NATIONAL ASSOCIATION OF RAILWAY COMMISSIONERS.

The fourteenth annual convention of the Association of Railway Commissioners was held in the city of Charleston, S. C., on February 11 and 12, 1902. Representatives from sixteen States and from this Commission were in attendance. The Association of American Railway Accounting Officers and the Street Railway Accounting Association of America were also represented. Addresses were made by the chairman of the association, by Gen. J. W. Latta, secretary of internal affairs of Pennsylvania, and by A. H. Plant, auditor of the Southern Railway Company.

Committee reports were presented on the following topics: Classification of operating and construction expenses of electric railways; legislation; delays attendant upon enforcing orders of railroad commissions; statistics.
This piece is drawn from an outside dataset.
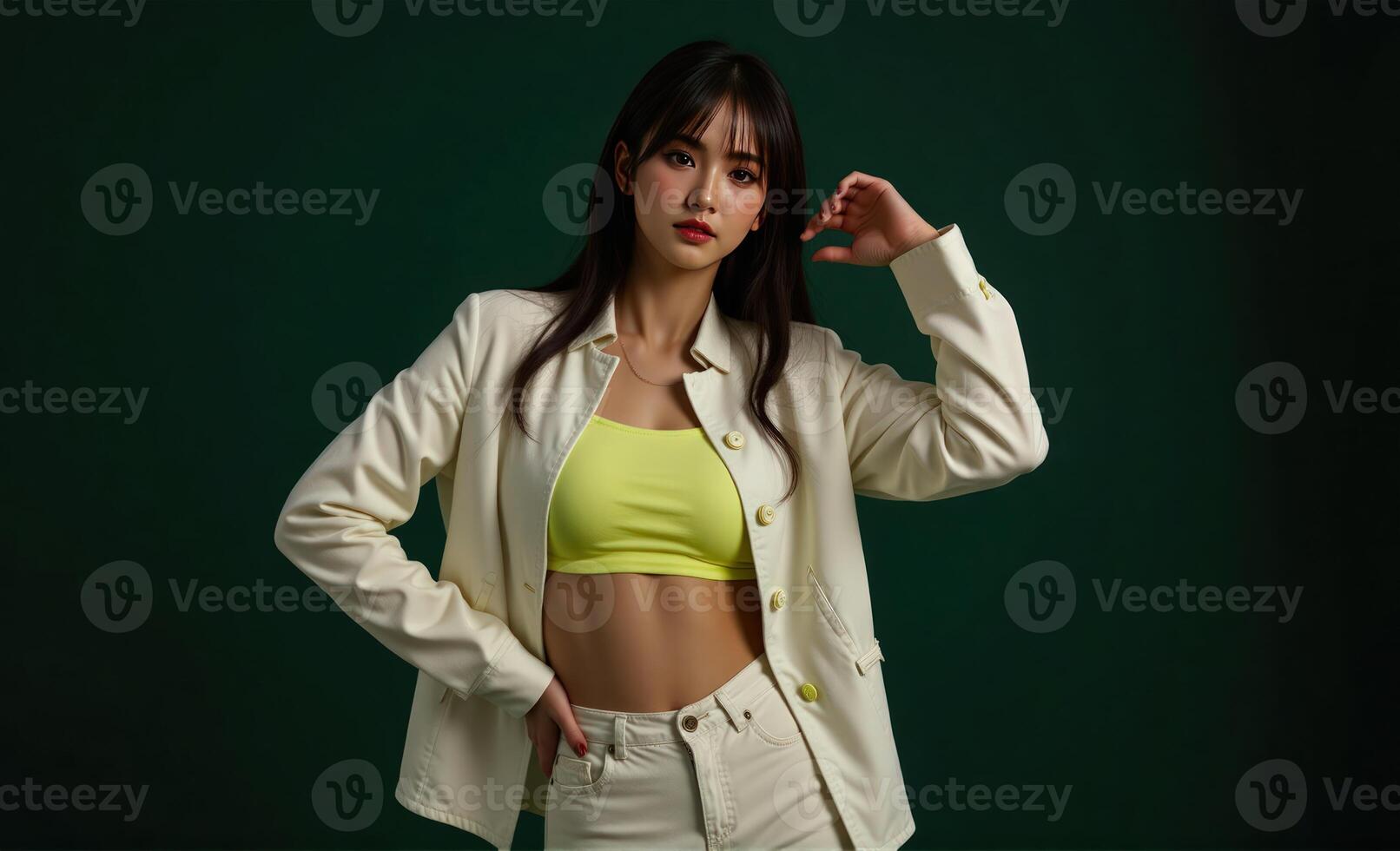 stylish woman showcases an oversize 2025 trendsetting outfit with bold shoulders and flowing fabrics, set against a dark green background, captured from a dynamic, side angle photo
A resolution was adopted recommending to the legislatures of the several States the passage of laws providing for the prohibition of grade crossings outside of municipalities, in all future construction of railways, where steam railway lines cross the lines of other steam railways or where electric railways cross the lines of steam railways. It was also recommended that such reasonable and conservative legislation be effected as shall gradually eliminate grade crossings which now exist between steam and street or electric railways.

At the convention prior to this, action was suspended on so much of the report of the committee on legislation as related to its recommendation that this Commission be empowered to adopt and publish a national freight classification. This question was specially referred to the committee on legislation of this convention for investigation and report. It was recommended by this committee that the National Government, either through this Commission or by some other means, establish and put in effect a uniform classification, unless the carriers within a given period shall have made one for themselves. This resolution was adopted by the association.
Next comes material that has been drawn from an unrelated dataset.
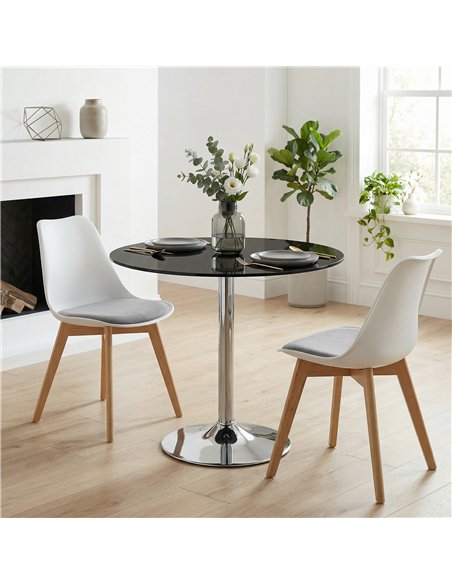 HOMCOM Round Bar Table, Modern Dining Table with Tempered Glass Top and Steel Frame for 4, 70 x 70 x 75.5cm, Black - pic 184227 | FastDaddyshop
The special committee to whom was referred the matter of a certain proposed blacklisting bureau reported a resolution condemning efforts made to form any association to prepare and circulate blacklists of railway employees, and the resolution was unanimously adopted.

The committee on delays attendant upon enforcing orders of railroad commissions recommended in its report the following resolutions:

Resolved, That the United States Congress be urged by this convention to pass a law making all the orders of the Interstate Commerce Commission effective and in full force after thirty days from the date thereof, or at such longer time as may therein be specified, unless temporarily suspended or finally vacated as a result of suitable proceedings for review brought by defendant carriers in the circuit court of the United States in the manner and according to the procedure recommended by the Commission in its Eleventh Annual Report as an amendment to section 16 of an act to regulate commerce, the said amendment providing for the advancement of all cases between the Interstate Commerce Commission and the railroads in all the Federal courts.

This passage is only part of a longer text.